RAW DATA >>
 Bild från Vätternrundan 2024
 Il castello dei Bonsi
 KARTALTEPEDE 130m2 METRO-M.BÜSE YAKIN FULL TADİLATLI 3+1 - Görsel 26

EXERCISE >>
Word for word, transcribe the data shown above.

EXPECTED ANSWER >>
 Bild från Vätternrundan 2024
 Il castello dei Bonsi
 KARTALTEPEDE 130m2 METRO-M.BÜSE YAKIN FULL TADİLATLI 3+1 - Görsel 26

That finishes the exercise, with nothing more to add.